> _Work required_:
Transcribe only the part of the listing below that begins at the line containing "楽天市場】実物 新品 米軍 ベースキャンプ内 病院用 ベッド ミリタリー" and runs to its final line, keeping both ends.

Segment Open

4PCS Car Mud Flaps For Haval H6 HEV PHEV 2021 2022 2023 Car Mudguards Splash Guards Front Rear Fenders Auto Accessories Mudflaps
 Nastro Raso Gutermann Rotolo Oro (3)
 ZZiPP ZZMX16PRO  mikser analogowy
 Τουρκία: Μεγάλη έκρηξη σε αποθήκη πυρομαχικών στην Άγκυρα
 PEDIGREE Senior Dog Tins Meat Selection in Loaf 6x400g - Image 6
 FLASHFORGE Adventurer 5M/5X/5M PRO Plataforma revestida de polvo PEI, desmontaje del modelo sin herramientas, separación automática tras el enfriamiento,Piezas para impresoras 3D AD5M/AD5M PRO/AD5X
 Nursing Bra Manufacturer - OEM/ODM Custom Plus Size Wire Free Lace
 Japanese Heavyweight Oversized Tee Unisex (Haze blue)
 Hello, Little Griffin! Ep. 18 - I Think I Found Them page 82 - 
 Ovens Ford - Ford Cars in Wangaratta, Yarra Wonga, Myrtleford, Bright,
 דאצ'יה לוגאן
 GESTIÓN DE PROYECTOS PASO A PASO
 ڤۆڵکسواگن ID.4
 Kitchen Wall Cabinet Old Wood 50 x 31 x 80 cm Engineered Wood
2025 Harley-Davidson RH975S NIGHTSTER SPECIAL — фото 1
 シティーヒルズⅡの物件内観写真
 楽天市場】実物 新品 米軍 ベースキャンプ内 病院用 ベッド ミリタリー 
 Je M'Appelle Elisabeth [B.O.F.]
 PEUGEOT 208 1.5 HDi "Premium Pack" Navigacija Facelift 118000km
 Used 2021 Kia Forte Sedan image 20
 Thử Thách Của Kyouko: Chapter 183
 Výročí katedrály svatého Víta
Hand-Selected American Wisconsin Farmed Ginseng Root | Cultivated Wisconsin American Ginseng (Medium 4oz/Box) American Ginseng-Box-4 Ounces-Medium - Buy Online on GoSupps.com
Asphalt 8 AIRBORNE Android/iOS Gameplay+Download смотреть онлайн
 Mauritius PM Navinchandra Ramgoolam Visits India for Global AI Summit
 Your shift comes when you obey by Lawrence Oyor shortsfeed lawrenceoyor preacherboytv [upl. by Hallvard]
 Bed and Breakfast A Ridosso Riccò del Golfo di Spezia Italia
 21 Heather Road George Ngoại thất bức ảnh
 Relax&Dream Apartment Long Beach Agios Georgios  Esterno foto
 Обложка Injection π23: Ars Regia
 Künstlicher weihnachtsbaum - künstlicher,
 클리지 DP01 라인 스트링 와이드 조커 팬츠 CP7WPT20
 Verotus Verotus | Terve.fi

Segment Closed

> _Solution_:
 楽天市場】実物 新品 米軍 ベースキャンプ内 病院用 ベッド ミリタリー 
 Je M'Appelle Elisabeth [B.O.F.]
 PEUGEOT 208 1.5 HDi "Premium Pack" Navigacija Facelift 118000km
 Used 2021 Kia Forte Sedan image 20
 Thử Thách Của Kyouko: Chapter 183
 Výročí katedrály svatého Víta
Hand-Selected American Wisconsin Farmed Ginseng Root | Cultivated Wisconsin American Ginseng (Medium 4oz/Box) American Ginseng-Box-4 Ounces-Medium - Buy Online on GoSupps.com
Asphalt 8 AIRBORNE Android/iOS Gameplay+Download смотреть онлайн
 Mauritius PM Navinchandra Ramgoolam Visits India for Global AI Summit
 Your shift comes when you obey by Lawrence Oyor shortsfeed lawrenceoyor preacherboytv [upl. by Hallvard]
 Bed and Breakfast A Ridosso Riccò del Golfo di Spezia Italia
 21 Heather Road George Ngoại thất bức ảnh
 Relax&Dream Apartment Long Beach Agios Georgios  Esterno foto
 Обложка Injection π23: Ars Regia
 Künstlicher weihnachtsbaum - künstlicher,
 클리지 DP01 라인 스트링 와이드 조커 팬츠 CP7WPT20
 Verotus Verotus | Terve.fi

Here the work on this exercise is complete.